Diana Vreeland: The Eye Has to Travel is a 2011 documentary about the life and career of Diana Vreeland, a fashion legacy famous for her time at Harper’s Bazaar and Vogue. The film was written and directed by Lisa Immordino Vreeland (Diana’s granddaughter-in-law), Bent-Jorgen Perlmutt, and Frédéric Tcheng. It premiered at the 2011 Venice International Film Festival and the Telluride Film Festival. It has a total running time of 86 minutes, and can be seen with English, French, and Italian subtitles.

==Synopsis==
The film features recorded audio and filmed interviews of Vreeland, as well as interviews with colleagues, family, and friends of Vreeland. Beginning with an exploration of Vreeland’s childhood, the film offers a glimpse of fashionable Paris during the Belle Époque, a time when Vreeland had access to exciting and influential friends of her parents, such as ballet dancer Sergei Diaghilev. She even claimed to have ridden with Buffalo Bill Cody, though the documentary makes it clear that Vreeland would occasionally exaggerate for the sake of storytelling.

The film then focuses on Diana’s move to New York City in the 1920s, where she was inspired by the dancing, jazz, and new fashions of the time, and her subsequent move to London with her husband, Reed Vreeland.

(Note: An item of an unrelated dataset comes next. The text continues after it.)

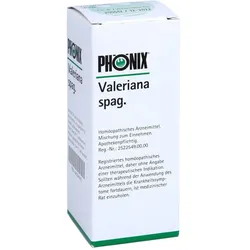 PHÖNIX VALERIANA spag.Mischung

Here she opened a lingerie shop, thus beginning her career in fashion. Shortly after moving back to New York when war broke out in Europe, Vreeland was asked to do a column in Harper’s Bazaar called “Why Don’t You…?” She quickly became the magazine’s fashion editor and, as such, revolutionized fashion by doing such acts as popularizing the blue jean and the bikini.

Much of the documentary looks at Vreeland’s time at Vogue, where she began working after nearly two-and-a-half decades at Harper’s Bazaar. Vreeland quickly became the editor-in-chief at Vogue, making the magazine into a much-loved artistic publication. The documentary features several accounts from people who worked with Vreeland during this time, including models, photographers, and fellow editors, discussing Vreeland’s drive and her vision for the magazine.

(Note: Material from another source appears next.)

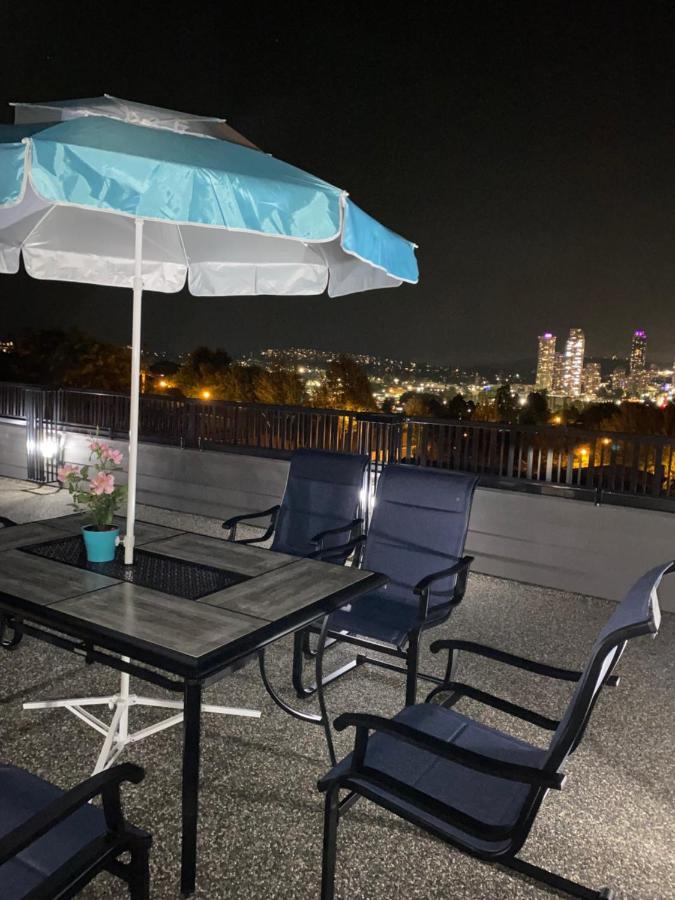 Six Minutes To Rupert Station Bed & Breakfast Vancouver Ngoại thất bức ảnh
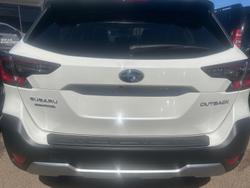 2025 Subaru Outback AWD Touring 6GEN MY25 AWD Crystal White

The film ends with Vreeland’s time as a consultant for the Costume Institute of the Metropolitan Museum of Art, which she became after being asked to leave Vogue in 1971, and final recollections of Vreeland and her fashion legacy.

==Reception==
The film has received positive critical review.
John DeFore of The Hollywood Reporter claims, “The vibrant, entertaining and of course stylish doc should enjoy a nice arthouse run before becoming an essential presence on the DVD shelves of fashionistas everywhere.”

Writing for Variety, Jay Weissberg says, “Few names conjure ‘style’ with the zest of Diana Vreeland, and documentary The Eye Has to Travel gets the zing just right.”

As of June 2020, the film has a 94% approval rating on Rotten Tomatoes, based on 71 reviews and an average score of 7.16/10. The website's critics consensus reads: "An affectionate portrait created with visual flair, Diana Vreeland is entertaining, informative, and stylish, due in large part to its charismatic subject."